All of the data that follows is to be printed exactly, without pictures.

DATA BELOW:
* * *

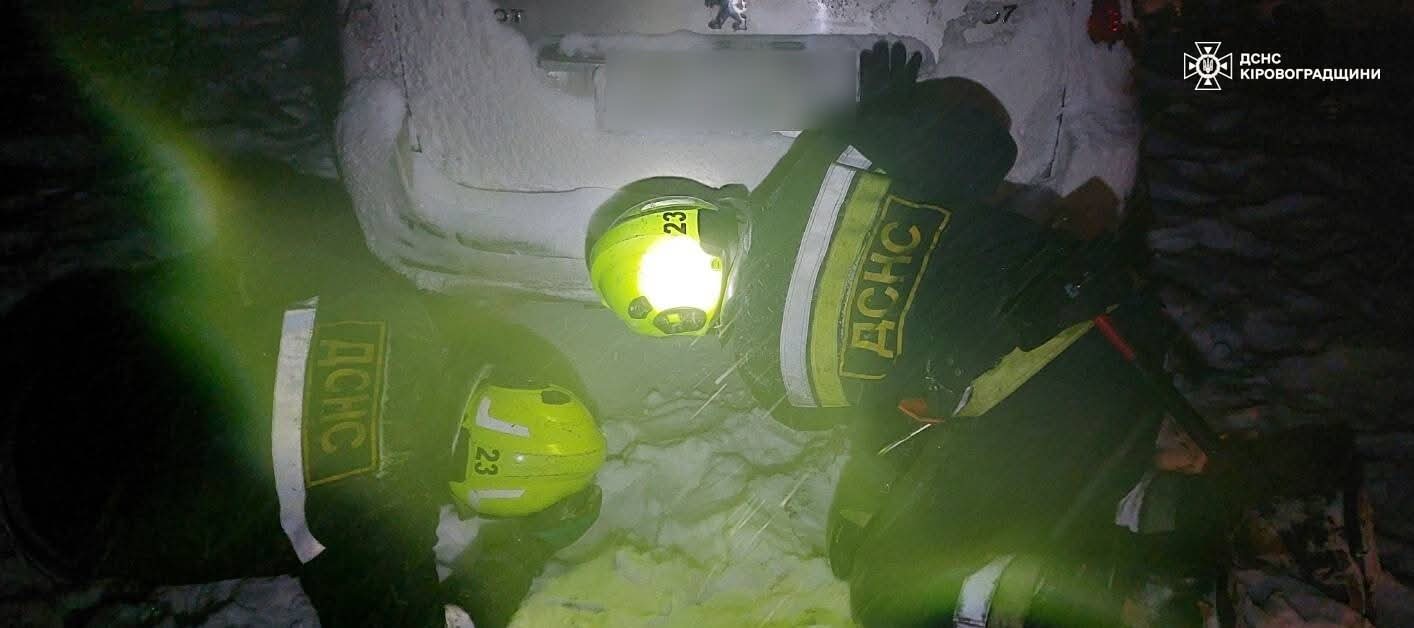 Рятувальники діставали автівки з кюветів та складних ділянок доріг на Кіровоградщині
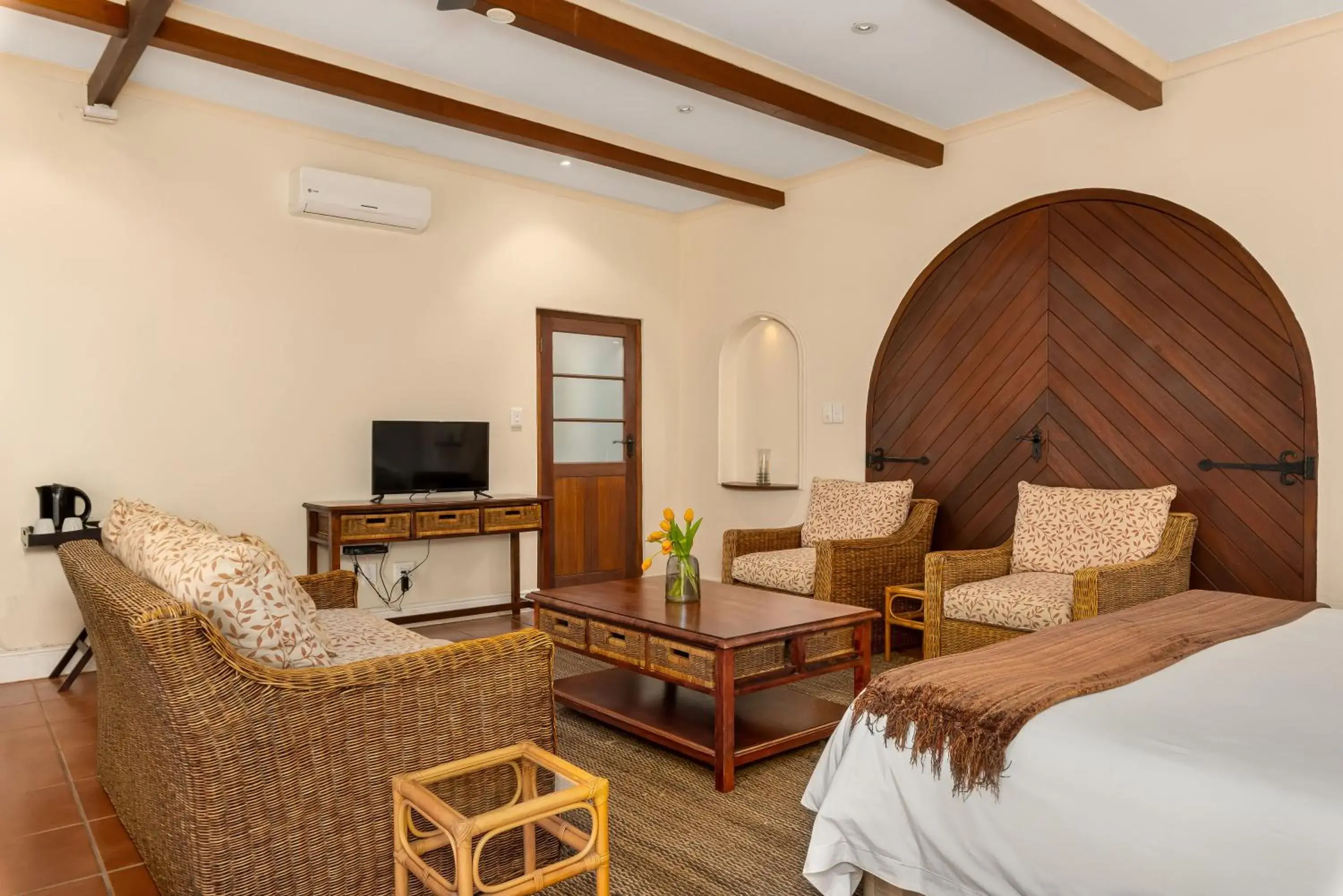 Bed in Gable Manor by Neighbourgood Bed in Gable Manor by Neighbourgood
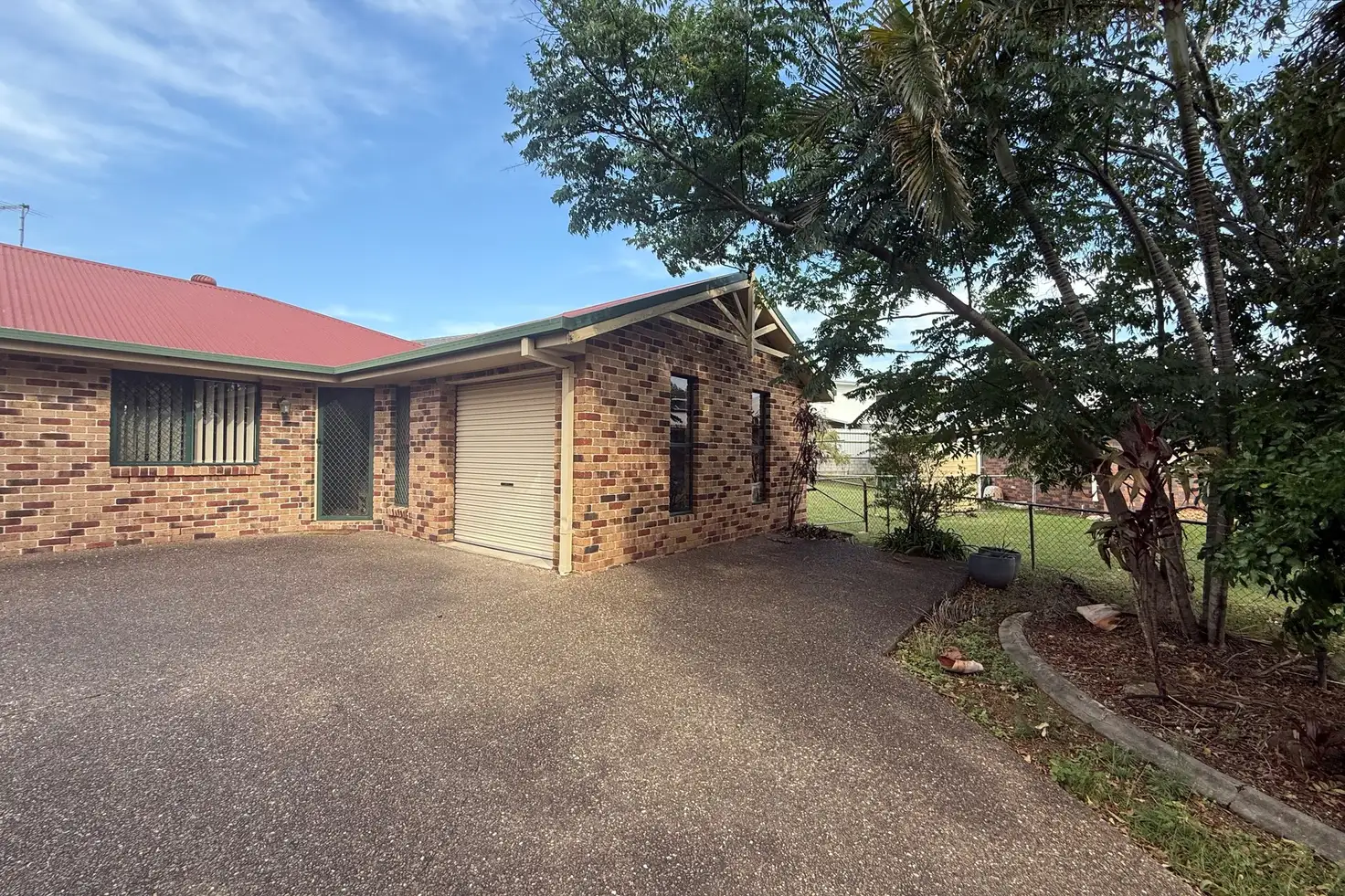 Main view of Homely semi-detached listing, 2/17 Mark Court, Raceview QLD 4305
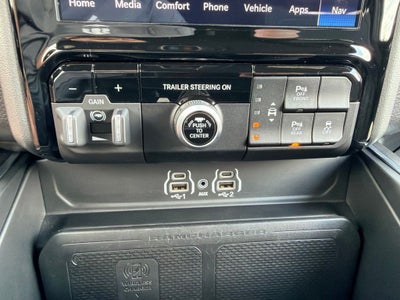 2025 RAM Ram 1500 Big Horn Crew Cab 4x4 5'7' Box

* * *

PROBLEM SOLUTION:
 Рятувальники діставали автівки з кюветів та складних ділянок доріг на Кіровоградщині
 Bed in Gable Manor by Neighbourgood Bed in Gable Manor by Neighbourgood
 Main view of Homely semi-detached listing, 2/17 Mark Court, Raceview QLD 4305
 2025 RAM Ram 1500 Big Horn Crew Cab 4x4 5'7' Box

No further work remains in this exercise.